By Cole Cusumano
AVONDALE, Ariz. — Phoenix Raceway is often viewed as a one-mile venue labeled a short track that races like an intermediate, but with what was on display in the NASCAR Xfinity Series event it certainly looked like one. Different players, varying strategy, even flared tempers highlighted the 200-lap thriller in Arizona. What we saw in the Call 811 Before You Dig 200 was arguably one of the best competitions in the track’s 57-year history.
This could be chalked up to three main themes – tire management, the PJ1 traction compound and overall execution from teams throughout the day.

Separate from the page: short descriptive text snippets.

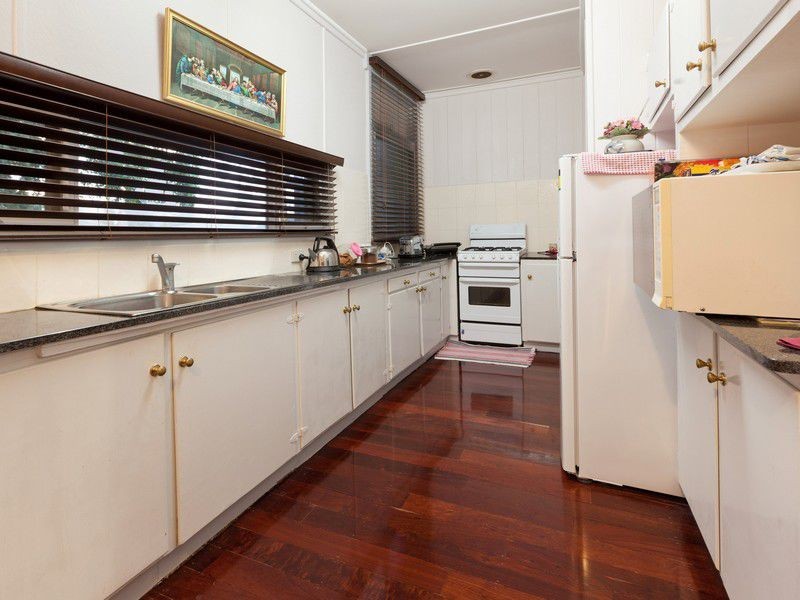 59 Fifth Avenue, Rosebud VIC 3939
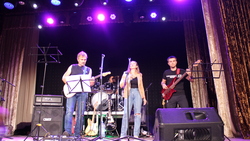Шебекинцы посетили фестиваль вокально-инструментальных ансамблей и рок-групп «Живой звук»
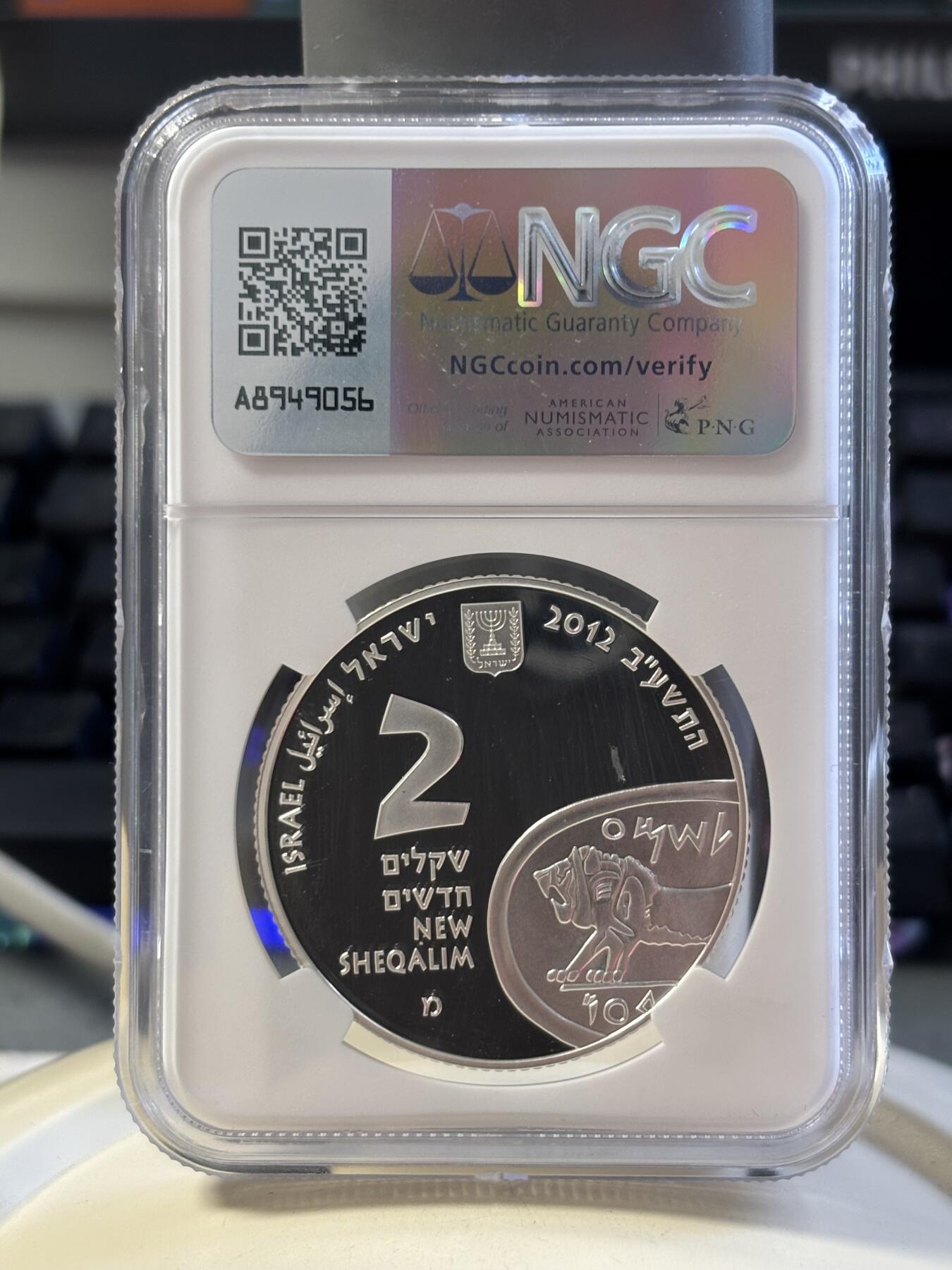 第183期拍卖 以色列2012年圣经系列美吉多山2新谢克尔PROOF银币NGC PF69UC，发行量3000枚，999银。美吉多山是《圣经·启示录》中世界末日善与恶最终决战之地，正面设计陶壶和山谷，通过透视图技法，尤其是山谷及通向内部的栈道，给人一种向里走的感觉，在二维平面银币表现出三维立体効果。原盒证封齐全。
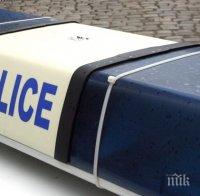 Мъж бе арестуван, след като нападна и удари полицай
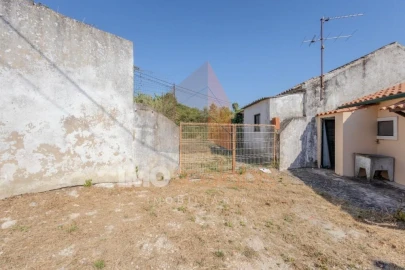 Moradia T3 para Venda em Almoster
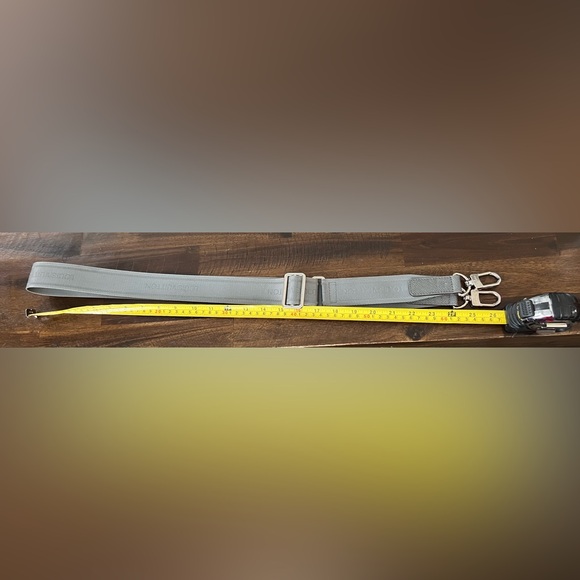 Authentic Louis Vuitton Crossbody/Shoulder Strap in Gray with Silver Hardware - Picture 10 of 10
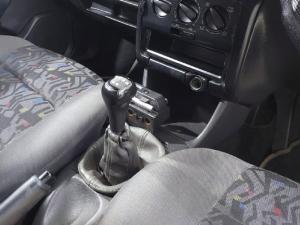 Volkswagen Polo Classic 1.6 - Image 12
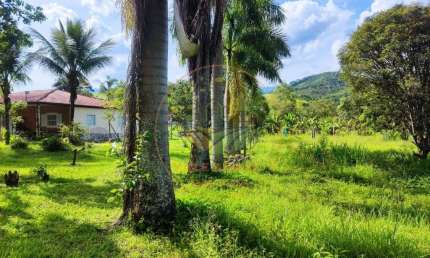 CHÁCARA COM 11.000M², 2 CASAS E GALPÃO EM PINDAMONHANGABA - SP  CH00359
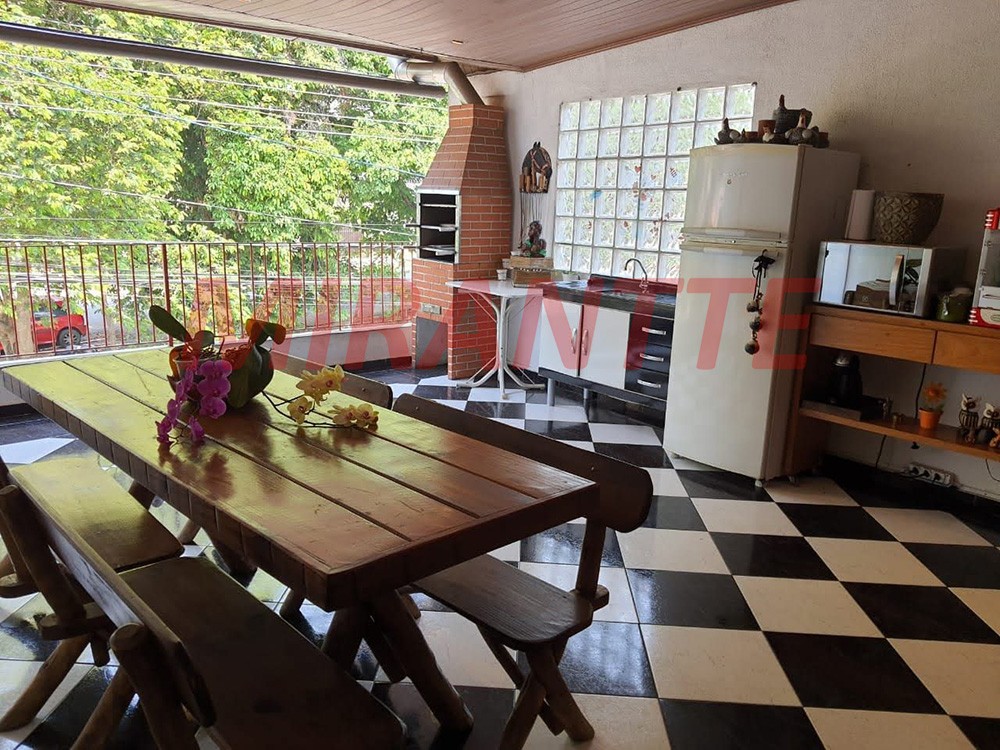 Sobrado de 306m² com 4 quartos em Casa Verde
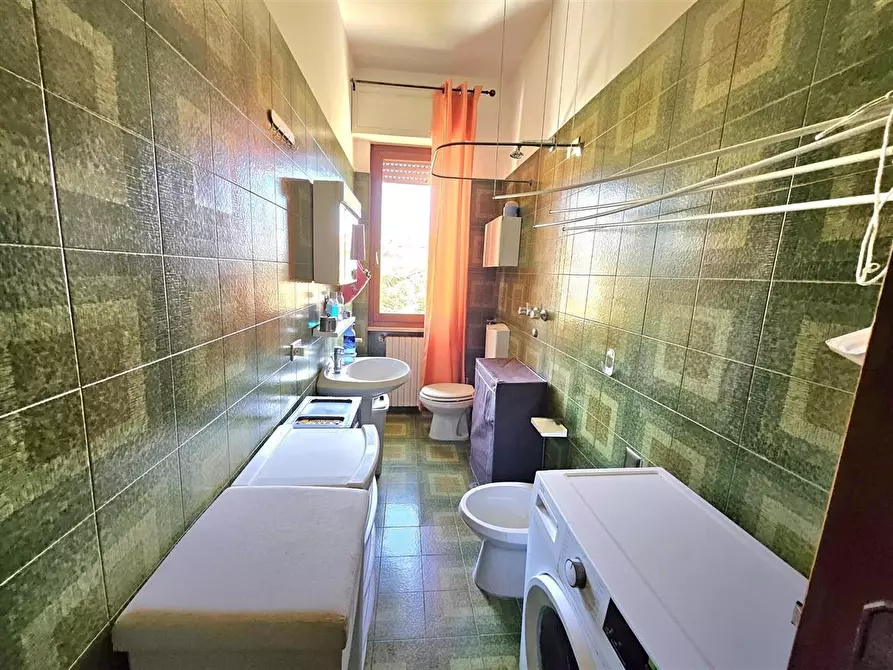 Immagine 17 di Porzione di casa in vendita  a Massa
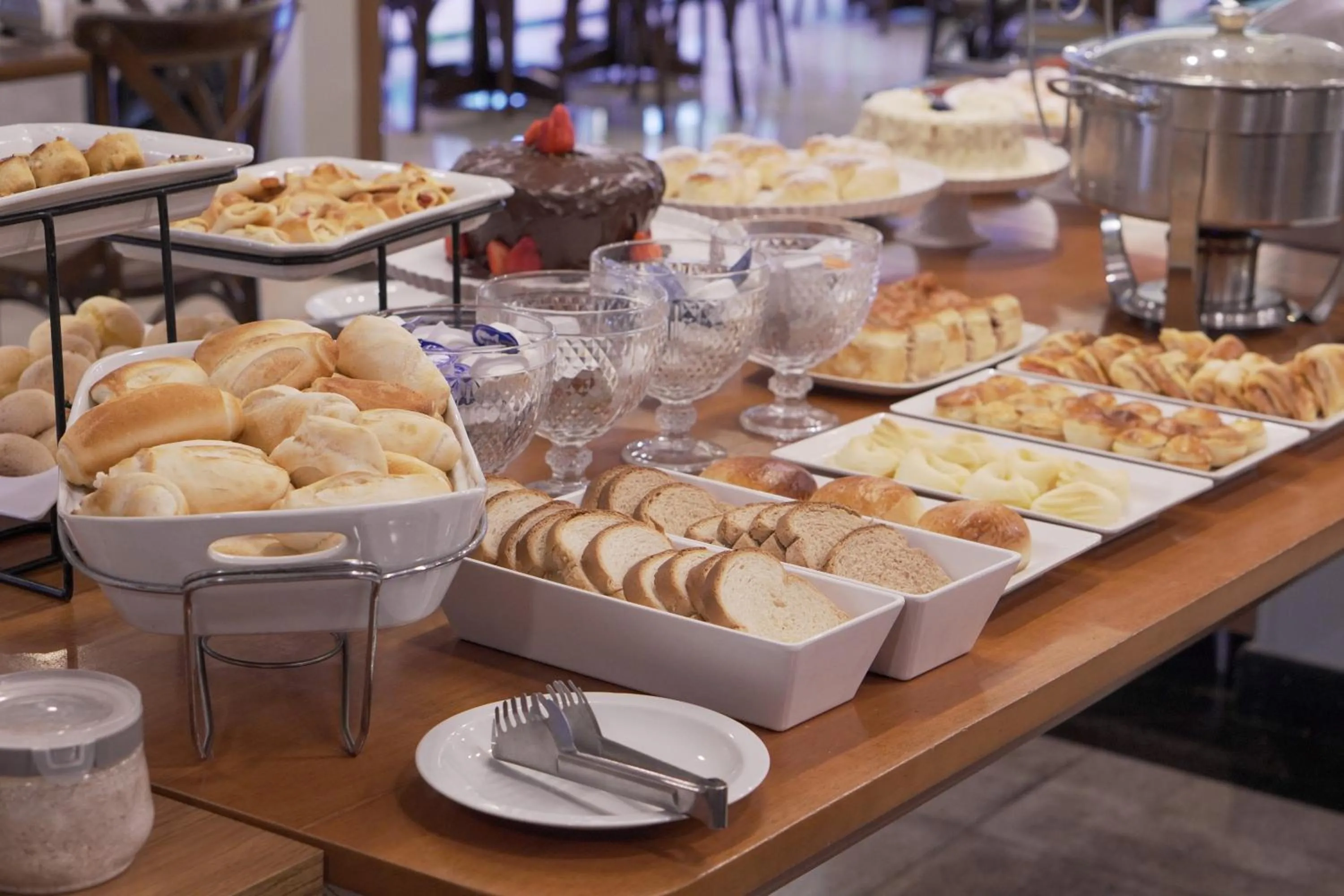 Buffet breakfast in Castelo Inn Hotel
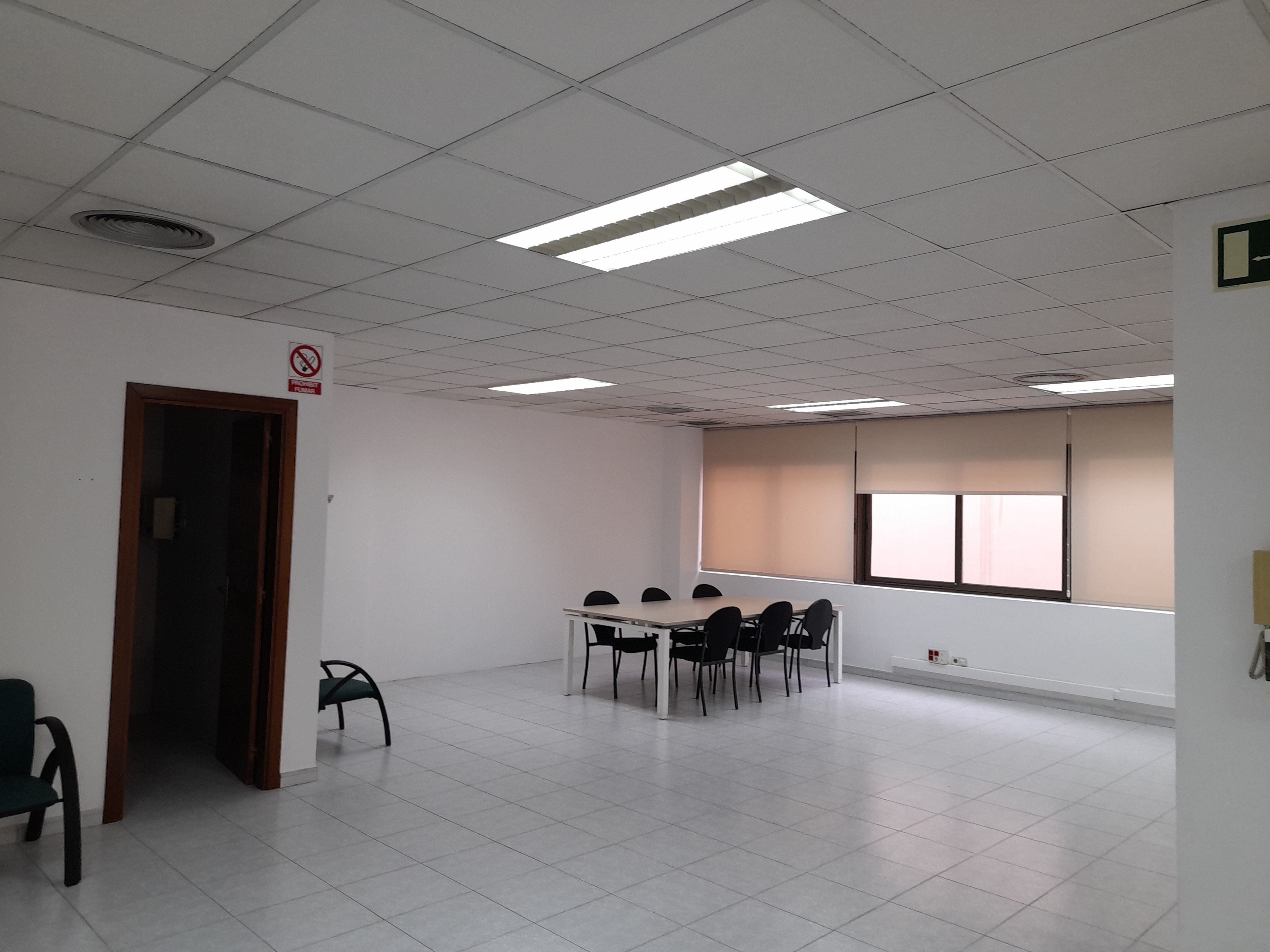 Oficina en venda en Ripollet amb Aire condicionat, Calefacció i Moblat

Being only given four sets of Goodyear Eagles presented a multitude of challenges. Aside from the accustomed emphasis on conservation while trying to maintain track position, there was a heightened sense of frenetic pace due to the race length.
This give-and-take in the later stages of the event proved costly for many frontrunners who exhausted their resources too soon, but also lent itself to career days for two drivers — Brandon Brown and Bayley Currey, who placed third and seventh respectively.
“Limited tires are the double-edged sword,” Brown told NEWS FROM THE PITS. “Overall, I’m a proponent of it. I think it keeps costs down on teams; it makes teams work a little harder. The crew chiefs have to think a little harder, the drivers have to know how to kind of give a little bit mid-run and save something for the end.”
Another synthesized product that’s played a large role at Phoenix over the last two years proved to be an even more critical element — the PJ1 traction compound. Race winner Austin Cindric is someone who’s always had a good handle on the substance, but today he called it different and “a little less usable.”
Only Cindric and Noah Gragson could comfortably utilize the PJ1 out of the 40-car field, and even they had difficulty maneuvering around it at times. This could be due to the slick track conditions courtesy of the 60-degree weather and cloud cover. Regardless, it’s a variable that all competitors had to deal with due to the heavy application that narrowed the racing surface.
Finally, team-wide execution may have been the biggest trend of the day. There were expectations heading into Phoenix there would be carryovers in performance from Las Vegas Motor Speedway from Joe Gibbs Racing and JR Motorsports.
Both organizations showcased evident speed all throughout the race, but it was an all-around sloppy day for the Chevrolet and Toyota stables. Early on it appeared as if JGR picked up where they left off with their stellar pit program. Then after the first set of stops, other teams began to step up and the drivers had to get aggressive on pit road to maintain track position.
Over the course of the day, four top-10 contenders — Jeb Burton, Daniel Hemric, Brandon Jones and Josh Berry — all got penalized for speeding on pit road during routine yellow flag stops. This in turn put all these drivers in unfavorable positions and all got into trouble at some point in the race.
Here’s where things got heated.
Well on his way to another promising finish, Berry was charging his way through the field when Santino Ferrucci pinched him against the wall in 15th and ended his day. The late model champion showed his displeasure to the driver of the No. 26 by flipping him off as he drove by with a smile on his face.
Jones, who led laps in this race, was surging his way through the field after serving a speeding penalty when A.J. Allmendinger misjudged a jump to the high line and wrecked him. The driver of the No. 19 voiced his frustrations in the Kaulig Racing driver, saying he’ll remember this moment in the future.
When it was all said and done this truly felt like a short track race, but with the event being so condensed and this being the sight of the championship, the pressure seemed much more prevalent than your average short track event.
In what may have been the biggest story of the event, Ty Gibbs followed up a dominant ARCA Menards Series win the night prior and his Xfinity debut with a runner-up finish in the Valley of the Sun. The 18-year-old has proven to not only be one of the brightest talents in NASCAR, but a specialist in Arizona. In five starts at Phoenix, Gibbs has two wins, an average finish of 1.8, 361 laps led and failure to place lower than third.
The driver of the No. 54 said the night prior there was still a mission to be accomplished before enjoying his string of success. After finishing second in his Xfinity oval debut, you’d expect Gibbs to be overjoyed, but that wasn’t totally the case.
“I’m definitely satisfied with a second-place finish, but not all the way,” Gibbs told NEWS FROM THE PITS. “I feel like in life you really can’t get comfortable no matter what the situation is and I’m thankful to be in this spot […] But at the same time, if you want to be the best — and I’ve watched the baddest dudes to do it — they’re not satisfied completely with second. You’re the first loser.”
The day ended with a battle of two desert titans, Cindric and Allgaier, with the No. 22 team prevailing and becoming the first repeat winner this season in the Xfinity Series. Between the hell that broke loose on the final restart, the varying trends and strategies, in addition to the unexpected performances and racing overall, this event will be remembered for years to come.
It will be hard to find anyone who wasn’t satisfied with the product provided at Phoenix Raceway in the Xfinity Series, and the great news is this should serve a sample for what to expect for the championship race come November.